На широтах лица. Ее полтора рублевый макияж. А среди него. Вкраплениями. Потные реки. Берут начало в области лба и ниспадают сальными сосульками с подбородка. Свино-рыло выглядит уставшим. Пюре недовольно. Ему бы присесть. Роман понимает, время пришло, и свиноматке присесть бы именно на его место. Фрикаделина уже катится к нему, как бульдозер. Но вдруг во все это вмешивается новая персона. Худощавый мужчина, сидящий напротив. Давно уже колющий лицо Романа иглами-глазками-спичками. Человек-червяк встает и освобождает место от своей тощей жопы. Поднимаясь, он неотрывно, как вина глазеет на Романа.
– Садитесь.
– Большое спасибо! – пердит с облегчением тушевидная бочка.
Однако, ХО-ПА, неожиданность. На сидение прыгает мальчик. Подвиг испорчен. Все зрители и действующие лица спектакля разочарованы. В действо вступает отец:
– Слав, ты чего сел? Дай, пусть мама сядет.
И все бы отлично, но этот красавчик наотрез отказывается. Слава – ребенок, а потому в дерьмо не играет. Он приподнимает свои невинные лужки и простодушно затягивает:
– Это потому что мама толстая, а я нет?
Все трое в шоке. Роман тоже. Отец пытается как-то загладить эту неловкую морщину, так внезапно возникшую там, где даже нет лица. Но ни хера.

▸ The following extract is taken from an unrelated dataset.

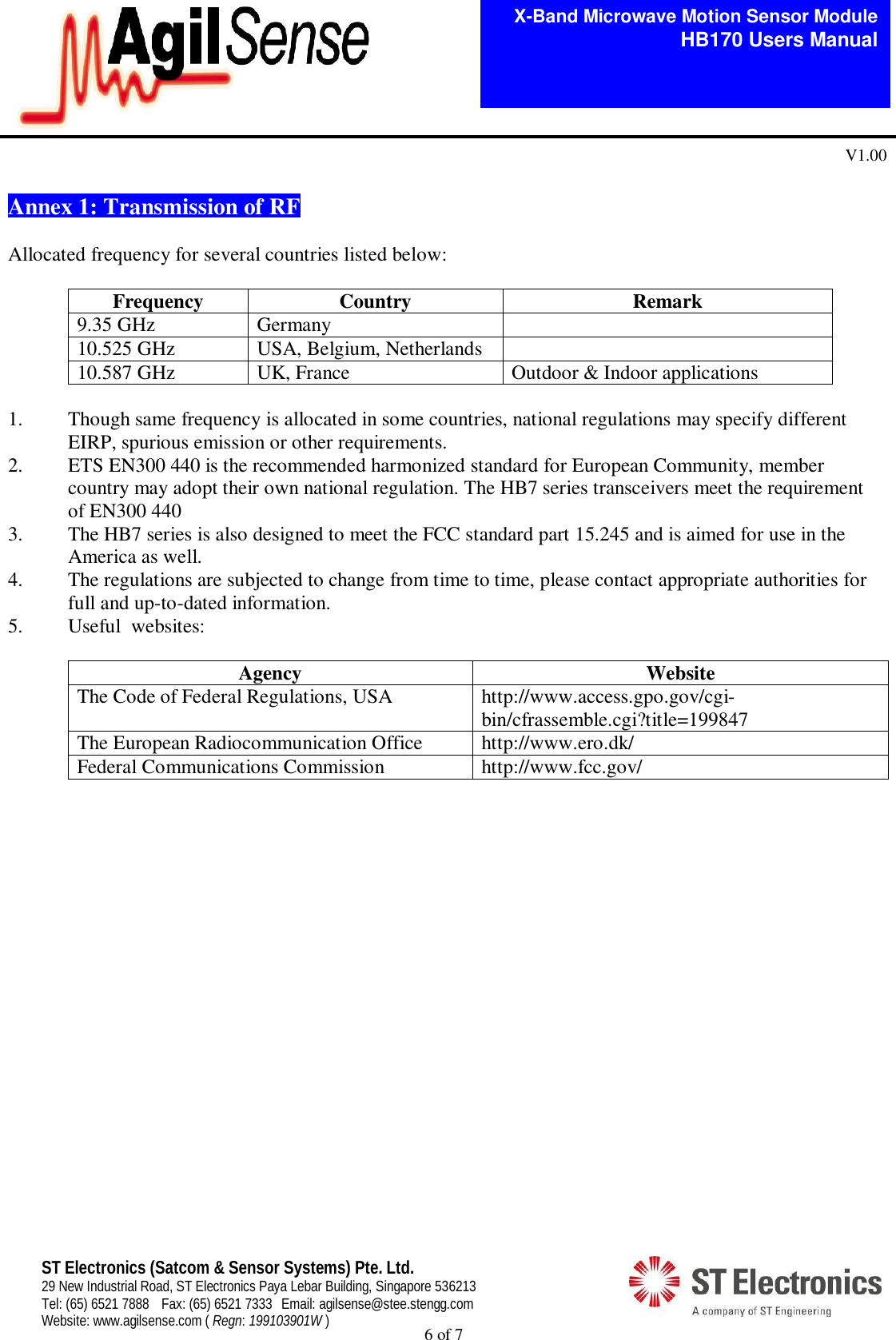  6 of 7   X-Band Microwave Motion Sensor Module   HB170 Users Manual V1.00 ST Electronics (Satcom &amp; Sensor Systems) Pte. Ltd. 29 New Industrial Road, ST Electronics Paya Lebar Building, Singapore 536213 Tel: (65) 6521 7888  Fax: (65) 6521 7333  Email: agilsense@stee.stengg.com Website: www.agilsense.com ( Regn: 199103901W )  Annex 1: Transmission of RF   Allocated frequency for several countries listed below:  Frequency  Country  Remark 9.35 GHz  Germany   10.525 GHz  USA, Belgium, Netherlands   10.587 GHz  UK, France  Outdoor &amp; Indoor applications  1. Though same frequency is allocated in some countries, national regulations may specify different EIRP, spurious emission or other requirements. 2. ETS EN300 440 is the recommended harmonized standard for European Community, member country may adopt their own national regulation. The HB7 series transceivers meet the requirement of EN300 440 3. The HB7 series is also designed to meet the FCC standard part 15.245 and is aimed for use in the America as well. 4. The regulations are subjected to change from time to time, please contact appropriate authorities for full and up-to-dated information. 5. Useful  websites:  Agency  Website The Code of Federal Regulations, USA  http://www.access.gpo.gov/cgi-bin/cfrassemble.cgi?title=199847 The European Radiocommunication Office  http://www.ero.dk/ Federal Communications Commission  http://www.fcc.gov/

– Нет, Слав, мама не толстая.
– А почему?
Да-да. Она не толстая. Просто жирная, как мухо-морж и прыщавая, как мухомор.
– Мама устала. Посмотри, как ей тяжело! Тебе что, не жалко маму?

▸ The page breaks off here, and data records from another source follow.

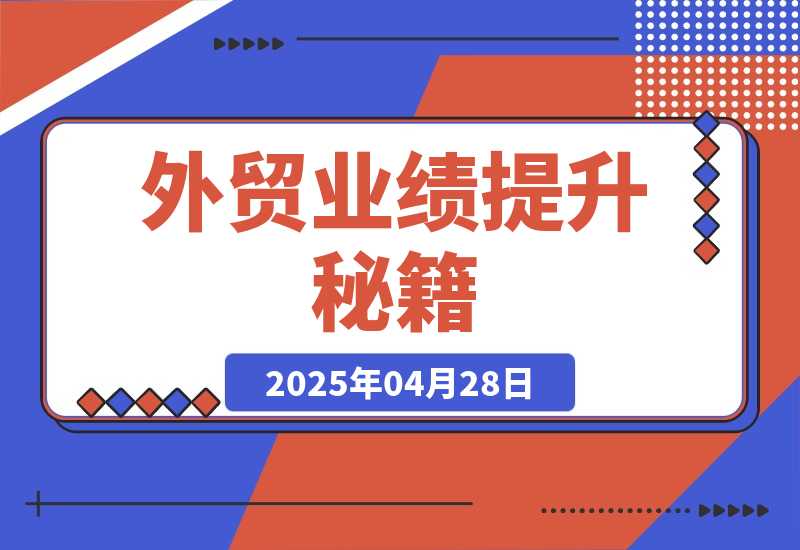 【2025.4.28】外贸业绩提升秘籍，把握产品获客要点，实现业绩倍增，轻松破局-旺朝科技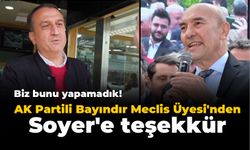 AK Partili Bayındır Meclis Üyesi’nden Soyer’e teşekkür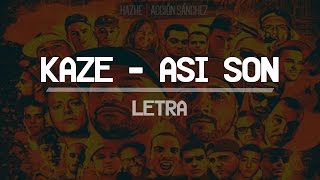 KAZE - ASI SON | LETRA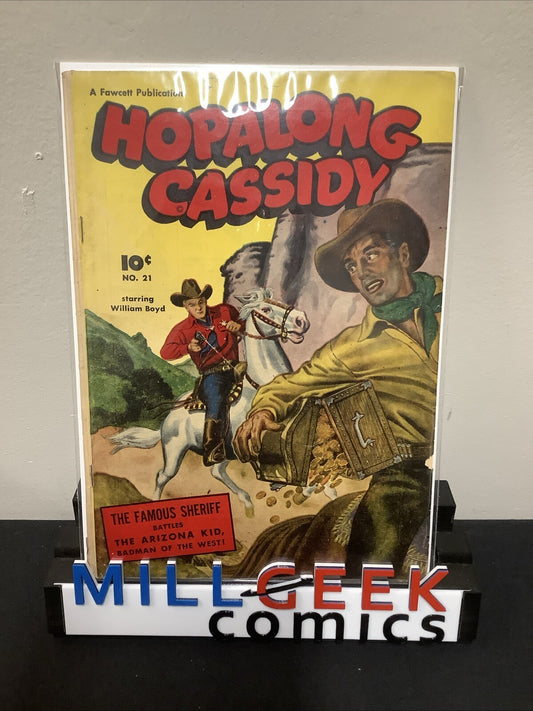 Hopalong Cassidy #21 (1948) VG (4.0) 1” Spine Split, 1/8” Spine Roll, Fawcett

– Но это же она толстая, а не я! Я тоже устал!
Пюре хватает мальчишку за ручонку и подбрасывает в воздух:
– Так, а ну, встань! Что за гадкий ребенок!
Бой проигран. Зло опять победило. Но подвиг не забыт. Ничто не забыто. Тучные ляхи падают на сидение. То взвизгивает, но его крик задушен булками жира. Нефтью по сиденью растекается тефтеля.

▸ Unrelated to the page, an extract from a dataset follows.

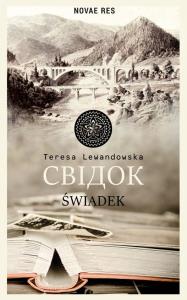 Świadek. Autor: Teresa Lewandowska. Dobreksiazki.pl Okładka książki Świadek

Теперь уже две пары глаз травят Романа, как мышь в ванной. Они ненавидят меня. Это я готов вынести. Только бы они меня не трогали.
И в тот миг, когда, казалось бы, недовольная вода устаканилась: бочка по справедливости заняла место и, вместе с человеком-глистом по справедливости ненавидит Романа, и все вполне довольны этим, в этот самый миг… В автобус входят инвалид на костылях со своей пожилой женой.
Роман сразу капитулирует. Приподнимается со всепонимающе-рыбным лицом. Но происходит то, чего не мог ожидать никто. Котлета уступает калеке место. Романов мозг понимает, что тотчас должен подпрыгнуть и уговаривать. Всех и вся, и особенно инвалида. Отдать свое место, но. У Романа нет сил участвовать в этом. Он потерян в своем страхе. Он хочет исчезнуть. Он уставший. Хочет, чтобы все закончилось. Но кастрюля жира ждет. А глисто-мужик больше не может ждать. Он подходит и облокачивается на поручень. С воспаленным жировиком вместо лица. Глазенки щурятся и копошатся на лице Романа червяками. Зажаленные пчелами губки готовятся к трапезе. И вот пасть уже разевается. Но не чтобы зевнуть, а чтобы словесно плюнуть. Несколько снопов слюни выпадают из его рта на лицо Романа. Но мужик не успевает осуществить свое червяковое дело. Роман встает с места. Протискиваясь, забивается в угол возле окна. Душно. В глазах фиолетовые облака. Мясо ног эволюционирует в вату. Роман знает, они все еще смотрят. Остановка.
Прочь из автобуса. Невыспавшиеся красно-разбитые блюдца молятся свету, чтобы потух. Ноги и бок ноют. Жарко. Роман даже не знает, где находится. Должно быть, где-то в центре города. Труп, шатающийся в темно-темном лесу. Имей он глаза, не нашел бы пути. Но он труп, лишенный не глаз, а головы. Непонятная, как мир ситуация. Хотя бы намек. Один. Кривой, как струя мочи, но намек. Думать. Где же ты? Остается верить. Когда один, я не верю в добро. Я ни во что не верю. Мне больно. На этом все.
Без глаз.
«О высокородный, то, что называют смертью, уже настало. Ты покидаешь этот мир, но не ты один – смерть приходит ко всем. Не цепляйся, из-за привязанности и слабости, за эту жизнь. Пусть слабость заставляет тебя цепляться за нее, ты не сможешь здесь остаться. Ты не добьешься ничего, только лишь будешь блуждать по сансаре. Не цепляйся за этот мир; не будь слабым».
Бардо Тхёдол. Тибетская Книга Мертвых.
Он все еще жив, но жива ли она? Роман вырывает глазницы из глаз. Глаза из глазниц. И ищет без глаз. Куда же идти?